§ **ACTIVITY**: Give the data again exactly as written, skipping any pictures.

§ **DATA EXCERPT**:

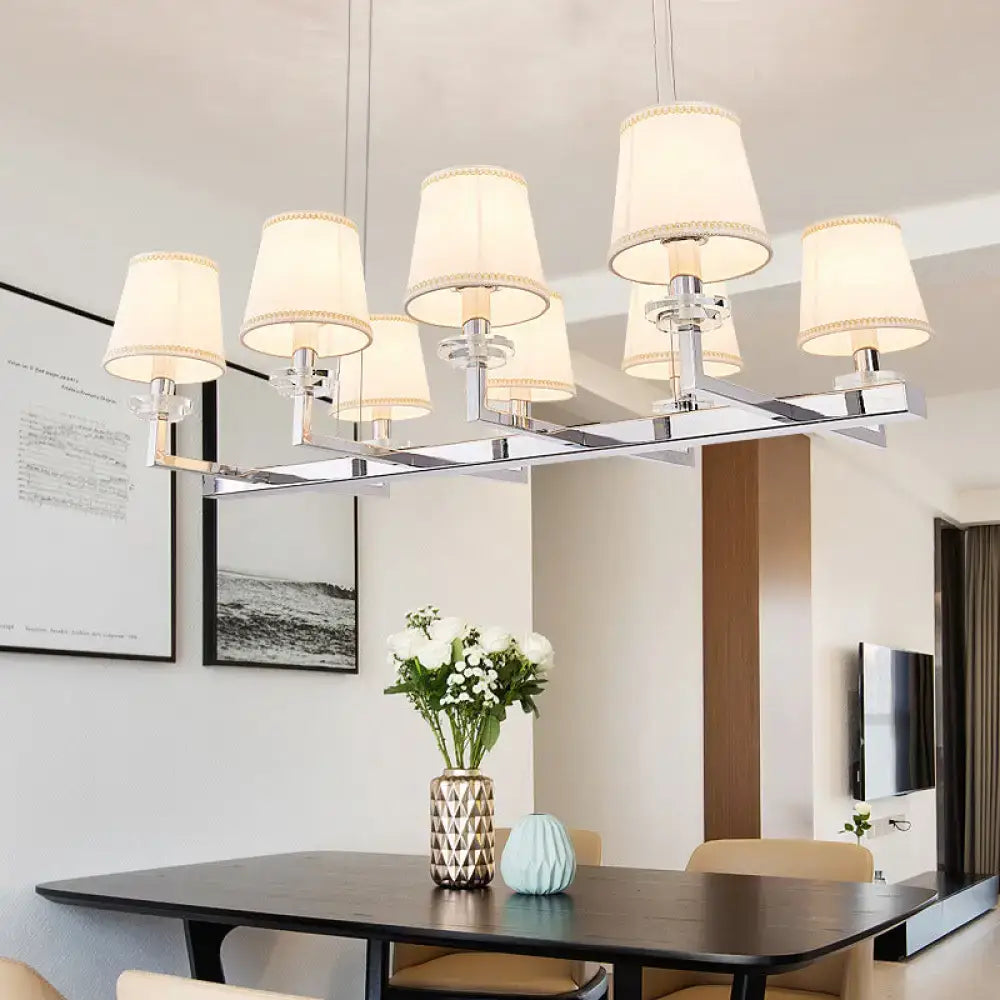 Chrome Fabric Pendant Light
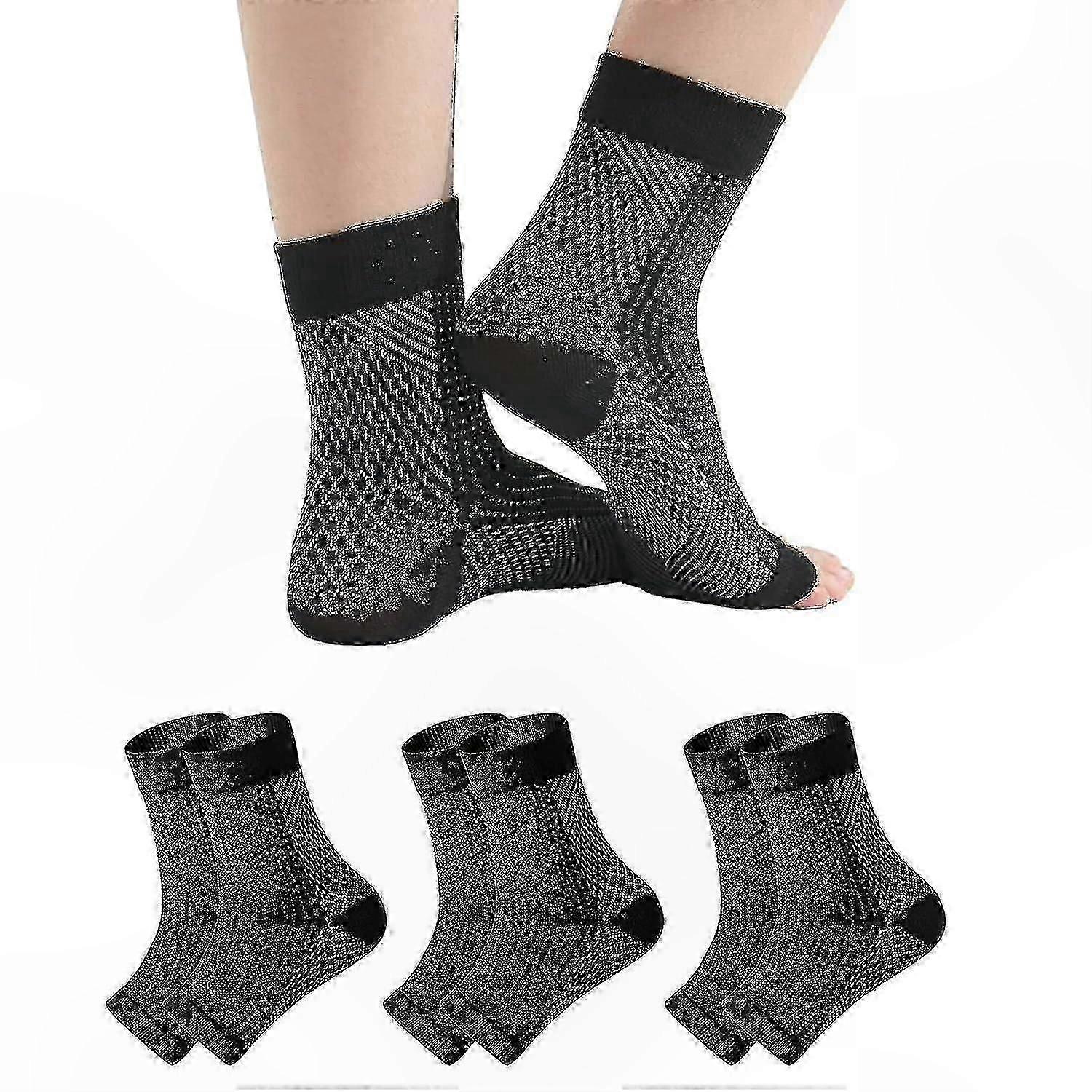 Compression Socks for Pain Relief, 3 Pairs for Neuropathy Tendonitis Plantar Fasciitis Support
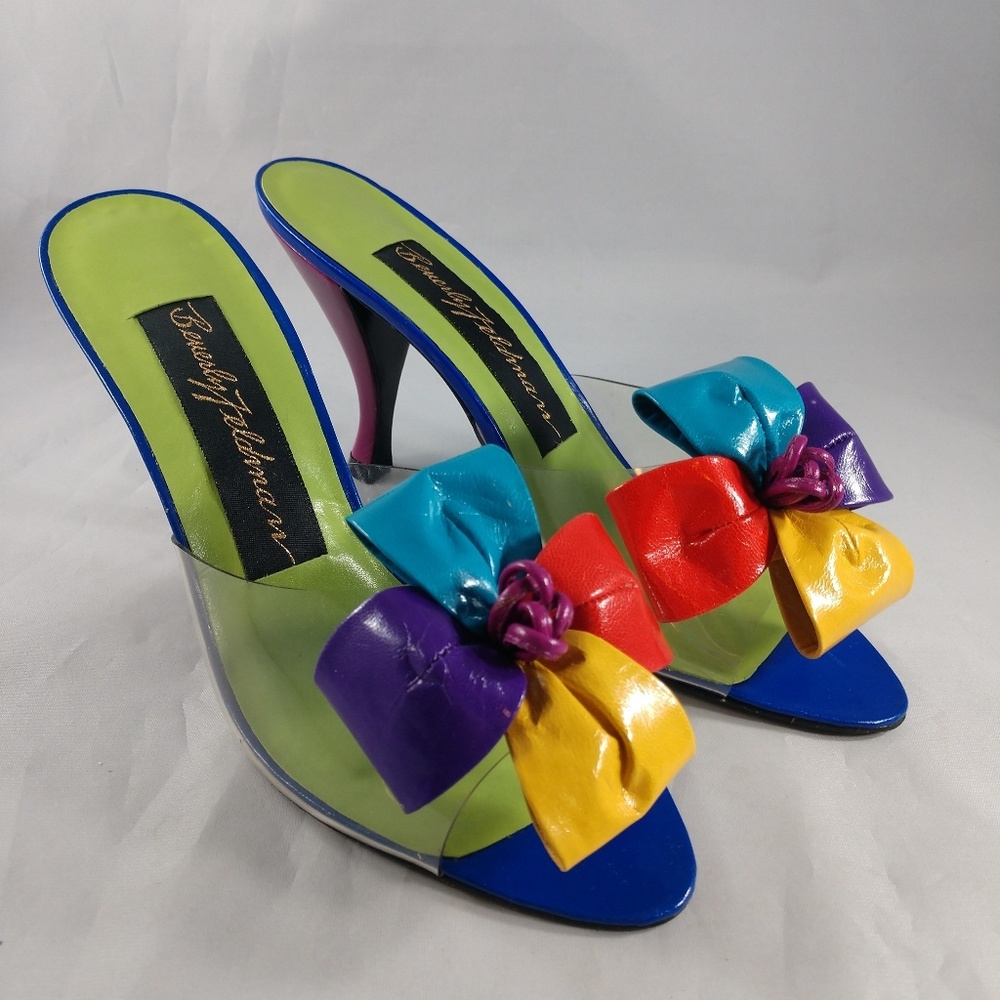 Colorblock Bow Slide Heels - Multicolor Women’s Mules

§ **PROBLEM SOLUTION**:
 Chrome Fabric Pendant Light
 Compression Socks for Pain Relief, 3 Pairs for Neuropathy Tendonitis Plantar Fasciitis Support
 Colorblock Bow Slide Heels - Multicolor Women’s Mules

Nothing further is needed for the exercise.